**REQUIREMENT**
Look through the lines of the material and count those containing "Maria". Give that count alone.

:: SUPPLIED MATERIAL ::

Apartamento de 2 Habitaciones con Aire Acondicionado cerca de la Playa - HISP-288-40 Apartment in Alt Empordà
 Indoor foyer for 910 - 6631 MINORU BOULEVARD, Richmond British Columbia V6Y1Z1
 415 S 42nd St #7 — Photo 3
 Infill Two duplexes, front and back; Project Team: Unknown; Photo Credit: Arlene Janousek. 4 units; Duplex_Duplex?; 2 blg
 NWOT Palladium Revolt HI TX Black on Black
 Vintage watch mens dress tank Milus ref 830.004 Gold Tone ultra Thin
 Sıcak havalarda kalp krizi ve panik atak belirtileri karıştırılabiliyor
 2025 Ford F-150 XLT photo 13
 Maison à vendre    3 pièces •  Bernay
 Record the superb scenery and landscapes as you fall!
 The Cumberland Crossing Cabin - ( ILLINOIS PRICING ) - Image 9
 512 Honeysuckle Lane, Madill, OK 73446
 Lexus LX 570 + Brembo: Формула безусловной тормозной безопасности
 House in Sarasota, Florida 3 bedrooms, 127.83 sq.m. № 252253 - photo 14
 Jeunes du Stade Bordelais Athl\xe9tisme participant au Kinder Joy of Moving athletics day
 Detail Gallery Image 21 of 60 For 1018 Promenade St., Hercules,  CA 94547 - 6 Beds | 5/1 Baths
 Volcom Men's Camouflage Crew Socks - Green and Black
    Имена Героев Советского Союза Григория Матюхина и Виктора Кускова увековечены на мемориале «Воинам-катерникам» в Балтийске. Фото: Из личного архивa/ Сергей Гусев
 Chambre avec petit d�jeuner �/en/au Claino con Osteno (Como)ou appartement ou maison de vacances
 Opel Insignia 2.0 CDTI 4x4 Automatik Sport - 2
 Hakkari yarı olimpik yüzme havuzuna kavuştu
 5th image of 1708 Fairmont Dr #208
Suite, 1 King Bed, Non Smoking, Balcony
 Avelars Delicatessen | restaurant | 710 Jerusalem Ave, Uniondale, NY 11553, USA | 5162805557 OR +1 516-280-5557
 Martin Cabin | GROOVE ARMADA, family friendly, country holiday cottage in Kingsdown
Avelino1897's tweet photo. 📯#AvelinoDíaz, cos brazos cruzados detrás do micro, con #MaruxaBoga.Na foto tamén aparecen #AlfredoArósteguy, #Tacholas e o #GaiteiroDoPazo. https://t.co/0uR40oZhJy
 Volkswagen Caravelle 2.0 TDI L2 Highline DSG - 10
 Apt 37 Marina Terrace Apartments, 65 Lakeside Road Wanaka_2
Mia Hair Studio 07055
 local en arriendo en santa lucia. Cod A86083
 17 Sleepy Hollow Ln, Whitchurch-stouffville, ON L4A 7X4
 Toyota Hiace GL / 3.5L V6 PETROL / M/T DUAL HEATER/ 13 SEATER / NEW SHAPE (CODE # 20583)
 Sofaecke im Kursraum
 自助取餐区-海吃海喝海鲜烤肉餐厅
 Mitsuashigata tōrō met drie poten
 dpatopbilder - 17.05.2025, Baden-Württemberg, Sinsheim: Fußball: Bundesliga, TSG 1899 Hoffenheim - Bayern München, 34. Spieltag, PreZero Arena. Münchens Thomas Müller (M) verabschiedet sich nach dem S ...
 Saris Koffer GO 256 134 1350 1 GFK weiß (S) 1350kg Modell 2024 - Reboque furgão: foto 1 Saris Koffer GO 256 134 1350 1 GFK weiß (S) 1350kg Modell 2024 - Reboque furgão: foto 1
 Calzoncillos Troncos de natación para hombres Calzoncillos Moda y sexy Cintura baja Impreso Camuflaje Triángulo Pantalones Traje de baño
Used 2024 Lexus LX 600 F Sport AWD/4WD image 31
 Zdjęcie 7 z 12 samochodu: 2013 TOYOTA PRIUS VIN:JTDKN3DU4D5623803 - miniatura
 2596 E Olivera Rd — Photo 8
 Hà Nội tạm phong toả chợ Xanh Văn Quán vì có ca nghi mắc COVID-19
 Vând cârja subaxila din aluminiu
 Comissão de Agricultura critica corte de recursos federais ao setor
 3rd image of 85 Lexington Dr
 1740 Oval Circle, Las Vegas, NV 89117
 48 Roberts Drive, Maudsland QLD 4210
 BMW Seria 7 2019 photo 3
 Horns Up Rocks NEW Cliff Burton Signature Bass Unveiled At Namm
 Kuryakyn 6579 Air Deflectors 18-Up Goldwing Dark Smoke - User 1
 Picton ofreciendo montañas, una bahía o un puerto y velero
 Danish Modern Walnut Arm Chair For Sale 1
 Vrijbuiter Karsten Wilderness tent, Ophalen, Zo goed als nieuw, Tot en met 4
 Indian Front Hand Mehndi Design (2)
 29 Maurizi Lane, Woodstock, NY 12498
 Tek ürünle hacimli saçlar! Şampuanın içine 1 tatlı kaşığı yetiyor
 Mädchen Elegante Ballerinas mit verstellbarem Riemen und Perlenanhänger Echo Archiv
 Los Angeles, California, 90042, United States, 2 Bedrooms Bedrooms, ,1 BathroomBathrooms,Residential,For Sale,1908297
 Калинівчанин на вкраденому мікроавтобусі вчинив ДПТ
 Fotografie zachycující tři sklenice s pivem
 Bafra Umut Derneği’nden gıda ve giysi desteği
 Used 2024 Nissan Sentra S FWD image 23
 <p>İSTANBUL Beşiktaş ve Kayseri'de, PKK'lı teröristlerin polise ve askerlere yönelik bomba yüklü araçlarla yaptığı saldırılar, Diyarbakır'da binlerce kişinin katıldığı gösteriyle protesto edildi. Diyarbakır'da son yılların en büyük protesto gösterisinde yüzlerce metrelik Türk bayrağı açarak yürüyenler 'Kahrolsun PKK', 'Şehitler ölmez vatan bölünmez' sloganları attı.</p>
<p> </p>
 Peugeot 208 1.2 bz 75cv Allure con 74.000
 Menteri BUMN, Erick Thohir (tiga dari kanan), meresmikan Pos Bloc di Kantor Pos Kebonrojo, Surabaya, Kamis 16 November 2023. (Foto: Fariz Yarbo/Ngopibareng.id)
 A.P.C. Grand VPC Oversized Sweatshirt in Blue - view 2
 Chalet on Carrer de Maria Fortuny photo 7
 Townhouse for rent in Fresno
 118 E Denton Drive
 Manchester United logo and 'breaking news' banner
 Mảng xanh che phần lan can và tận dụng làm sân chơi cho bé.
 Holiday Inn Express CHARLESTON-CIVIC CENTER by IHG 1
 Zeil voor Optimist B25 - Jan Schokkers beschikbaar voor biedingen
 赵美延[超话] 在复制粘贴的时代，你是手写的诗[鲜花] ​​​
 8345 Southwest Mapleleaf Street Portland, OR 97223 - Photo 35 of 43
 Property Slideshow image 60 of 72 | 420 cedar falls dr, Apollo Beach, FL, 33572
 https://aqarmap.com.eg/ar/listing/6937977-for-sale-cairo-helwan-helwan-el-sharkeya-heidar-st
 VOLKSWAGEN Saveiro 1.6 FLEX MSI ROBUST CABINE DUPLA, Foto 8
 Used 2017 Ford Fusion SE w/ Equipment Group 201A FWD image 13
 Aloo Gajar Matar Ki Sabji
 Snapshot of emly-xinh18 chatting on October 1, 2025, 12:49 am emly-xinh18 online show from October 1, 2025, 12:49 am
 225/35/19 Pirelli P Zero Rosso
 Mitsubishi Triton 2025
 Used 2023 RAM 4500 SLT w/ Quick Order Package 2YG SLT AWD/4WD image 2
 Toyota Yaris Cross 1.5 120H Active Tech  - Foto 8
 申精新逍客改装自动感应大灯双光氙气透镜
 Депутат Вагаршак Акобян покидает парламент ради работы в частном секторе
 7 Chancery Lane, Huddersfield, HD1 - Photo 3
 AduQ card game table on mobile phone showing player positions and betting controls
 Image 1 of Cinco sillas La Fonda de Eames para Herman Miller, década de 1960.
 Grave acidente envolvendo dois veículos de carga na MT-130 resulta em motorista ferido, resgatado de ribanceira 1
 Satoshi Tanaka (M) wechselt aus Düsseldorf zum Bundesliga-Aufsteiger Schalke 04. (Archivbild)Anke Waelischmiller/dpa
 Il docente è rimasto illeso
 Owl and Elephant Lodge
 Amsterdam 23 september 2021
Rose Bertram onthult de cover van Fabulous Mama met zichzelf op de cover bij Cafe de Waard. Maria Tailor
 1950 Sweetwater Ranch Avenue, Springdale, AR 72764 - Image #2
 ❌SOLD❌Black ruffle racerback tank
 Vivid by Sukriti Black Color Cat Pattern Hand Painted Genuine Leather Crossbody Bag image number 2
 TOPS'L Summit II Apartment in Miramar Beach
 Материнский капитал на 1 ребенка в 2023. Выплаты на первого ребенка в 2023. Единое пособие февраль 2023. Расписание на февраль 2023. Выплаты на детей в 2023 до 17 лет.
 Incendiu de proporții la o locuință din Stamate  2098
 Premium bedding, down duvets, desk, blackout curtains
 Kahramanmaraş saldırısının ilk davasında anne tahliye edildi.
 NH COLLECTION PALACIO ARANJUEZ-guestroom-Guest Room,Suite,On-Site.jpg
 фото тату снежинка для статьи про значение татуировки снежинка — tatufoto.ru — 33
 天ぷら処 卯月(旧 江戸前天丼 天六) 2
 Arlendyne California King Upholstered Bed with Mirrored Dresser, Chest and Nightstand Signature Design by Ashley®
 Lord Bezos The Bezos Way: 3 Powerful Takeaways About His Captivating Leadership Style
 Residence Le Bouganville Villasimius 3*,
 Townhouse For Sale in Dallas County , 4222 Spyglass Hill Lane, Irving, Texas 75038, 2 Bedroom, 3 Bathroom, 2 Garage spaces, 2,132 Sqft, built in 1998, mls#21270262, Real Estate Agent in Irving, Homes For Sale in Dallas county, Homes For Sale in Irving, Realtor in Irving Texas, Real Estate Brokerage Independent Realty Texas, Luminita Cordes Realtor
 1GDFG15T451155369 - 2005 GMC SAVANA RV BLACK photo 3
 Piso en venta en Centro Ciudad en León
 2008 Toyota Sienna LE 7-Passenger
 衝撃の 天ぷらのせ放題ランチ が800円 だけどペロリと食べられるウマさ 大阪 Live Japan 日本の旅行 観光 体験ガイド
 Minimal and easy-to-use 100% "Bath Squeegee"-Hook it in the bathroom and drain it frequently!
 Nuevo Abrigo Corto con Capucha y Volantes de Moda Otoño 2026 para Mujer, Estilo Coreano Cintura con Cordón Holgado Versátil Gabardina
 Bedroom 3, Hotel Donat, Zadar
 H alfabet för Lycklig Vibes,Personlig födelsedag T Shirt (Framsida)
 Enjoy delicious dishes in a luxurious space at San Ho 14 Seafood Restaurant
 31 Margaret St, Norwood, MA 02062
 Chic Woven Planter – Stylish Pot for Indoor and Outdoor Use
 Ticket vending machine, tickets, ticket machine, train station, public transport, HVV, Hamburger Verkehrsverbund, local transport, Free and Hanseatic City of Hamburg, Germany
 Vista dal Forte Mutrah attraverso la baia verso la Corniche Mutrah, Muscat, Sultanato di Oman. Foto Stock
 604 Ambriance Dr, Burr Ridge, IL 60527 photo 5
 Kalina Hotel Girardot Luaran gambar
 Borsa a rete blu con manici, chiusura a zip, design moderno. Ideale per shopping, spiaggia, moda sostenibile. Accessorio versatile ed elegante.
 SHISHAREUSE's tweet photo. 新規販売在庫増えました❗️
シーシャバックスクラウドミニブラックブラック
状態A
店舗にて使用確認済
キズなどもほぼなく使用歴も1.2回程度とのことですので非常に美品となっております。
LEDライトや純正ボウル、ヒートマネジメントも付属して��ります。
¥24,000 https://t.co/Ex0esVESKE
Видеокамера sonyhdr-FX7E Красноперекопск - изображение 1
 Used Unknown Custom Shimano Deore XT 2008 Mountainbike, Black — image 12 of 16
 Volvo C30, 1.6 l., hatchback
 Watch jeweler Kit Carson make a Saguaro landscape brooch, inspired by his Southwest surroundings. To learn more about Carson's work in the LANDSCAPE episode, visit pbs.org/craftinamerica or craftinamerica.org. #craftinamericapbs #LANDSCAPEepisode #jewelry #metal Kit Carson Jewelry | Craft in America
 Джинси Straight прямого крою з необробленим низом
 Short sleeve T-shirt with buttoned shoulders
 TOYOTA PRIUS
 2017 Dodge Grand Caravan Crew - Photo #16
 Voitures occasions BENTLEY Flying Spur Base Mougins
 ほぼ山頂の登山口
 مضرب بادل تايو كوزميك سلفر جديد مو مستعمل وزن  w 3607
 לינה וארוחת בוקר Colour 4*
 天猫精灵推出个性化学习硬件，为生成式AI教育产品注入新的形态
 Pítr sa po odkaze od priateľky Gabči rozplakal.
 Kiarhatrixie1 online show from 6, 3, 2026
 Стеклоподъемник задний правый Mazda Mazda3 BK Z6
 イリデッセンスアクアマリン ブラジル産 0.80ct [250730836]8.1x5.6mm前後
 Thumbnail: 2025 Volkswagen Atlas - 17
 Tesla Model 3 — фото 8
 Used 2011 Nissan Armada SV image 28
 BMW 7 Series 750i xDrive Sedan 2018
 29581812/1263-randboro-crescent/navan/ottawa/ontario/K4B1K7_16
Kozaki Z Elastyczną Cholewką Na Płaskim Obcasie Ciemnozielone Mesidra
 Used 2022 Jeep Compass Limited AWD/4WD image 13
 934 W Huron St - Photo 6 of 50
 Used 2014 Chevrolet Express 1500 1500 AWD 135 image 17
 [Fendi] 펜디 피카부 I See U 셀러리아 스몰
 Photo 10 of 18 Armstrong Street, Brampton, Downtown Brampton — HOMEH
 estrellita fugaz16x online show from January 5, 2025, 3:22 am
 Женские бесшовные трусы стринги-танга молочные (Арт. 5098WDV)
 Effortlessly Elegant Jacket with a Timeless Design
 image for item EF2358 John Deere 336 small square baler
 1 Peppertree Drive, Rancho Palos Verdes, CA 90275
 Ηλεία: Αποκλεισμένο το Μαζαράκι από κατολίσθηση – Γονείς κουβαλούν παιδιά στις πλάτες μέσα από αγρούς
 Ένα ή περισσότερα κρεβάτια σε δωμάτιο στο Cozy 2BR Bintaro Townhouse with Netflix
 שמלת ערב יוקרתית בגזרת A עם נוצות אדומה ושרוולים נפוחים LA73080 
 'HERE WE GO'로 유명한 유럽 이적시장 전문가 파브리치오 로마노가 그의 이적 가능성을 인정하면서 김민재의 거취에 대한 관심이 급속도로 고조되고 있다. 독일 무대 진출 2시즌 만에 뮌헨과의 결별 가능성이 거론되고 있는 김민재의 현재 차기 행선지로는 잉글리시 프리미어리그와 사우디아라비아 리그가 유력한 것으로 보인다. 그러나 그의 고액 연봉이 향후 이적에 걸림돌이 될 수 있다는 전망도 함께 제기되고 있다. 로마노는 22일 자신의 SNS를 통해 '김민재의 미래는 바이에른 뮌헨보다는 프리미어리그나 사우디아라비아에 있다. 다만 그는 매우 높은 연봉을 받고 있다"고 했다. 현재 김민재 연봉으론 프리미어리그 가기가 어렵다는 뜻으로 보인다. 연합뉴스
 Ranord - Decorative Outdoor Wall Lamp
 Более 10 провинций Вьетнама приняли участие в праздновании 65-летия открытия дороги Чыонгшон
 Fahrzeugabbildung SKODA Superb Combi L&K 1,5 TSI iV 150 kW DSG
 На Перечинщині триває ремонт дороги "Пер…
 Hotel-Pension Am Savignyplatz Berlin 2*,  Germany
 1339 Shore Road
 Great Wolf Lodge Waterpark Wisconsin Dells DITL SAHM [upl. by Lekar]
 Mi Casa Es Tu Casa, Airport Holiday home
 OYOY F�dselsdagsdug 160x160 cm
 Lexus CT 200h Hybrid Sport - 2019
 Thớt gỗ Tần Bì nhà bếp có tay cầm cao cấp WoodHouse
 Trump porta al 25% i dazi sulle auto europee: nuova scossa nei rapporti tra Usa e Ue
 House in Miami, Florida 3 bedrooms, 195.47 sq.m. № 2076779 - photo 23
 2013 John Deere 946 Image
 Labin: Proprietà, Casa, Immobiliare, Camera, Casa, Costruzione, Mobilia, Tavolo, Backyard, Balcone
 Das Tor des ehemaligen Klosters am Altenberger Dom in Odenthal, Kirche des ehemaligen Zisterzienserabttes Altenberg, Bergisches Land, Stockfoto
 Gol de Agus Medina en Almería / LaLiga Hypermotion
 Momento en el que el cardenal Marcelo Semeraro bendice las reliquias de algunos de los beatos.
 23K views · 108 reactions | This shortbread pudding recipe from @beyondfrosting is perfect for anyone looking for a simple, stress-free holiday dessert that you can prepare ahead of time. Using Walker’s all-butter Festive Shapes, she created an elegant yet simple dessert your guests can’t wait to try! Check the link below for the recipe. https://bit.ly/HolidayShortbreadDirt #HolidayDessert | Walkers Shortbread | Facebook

:::

**THE COMPLETED TASK**
2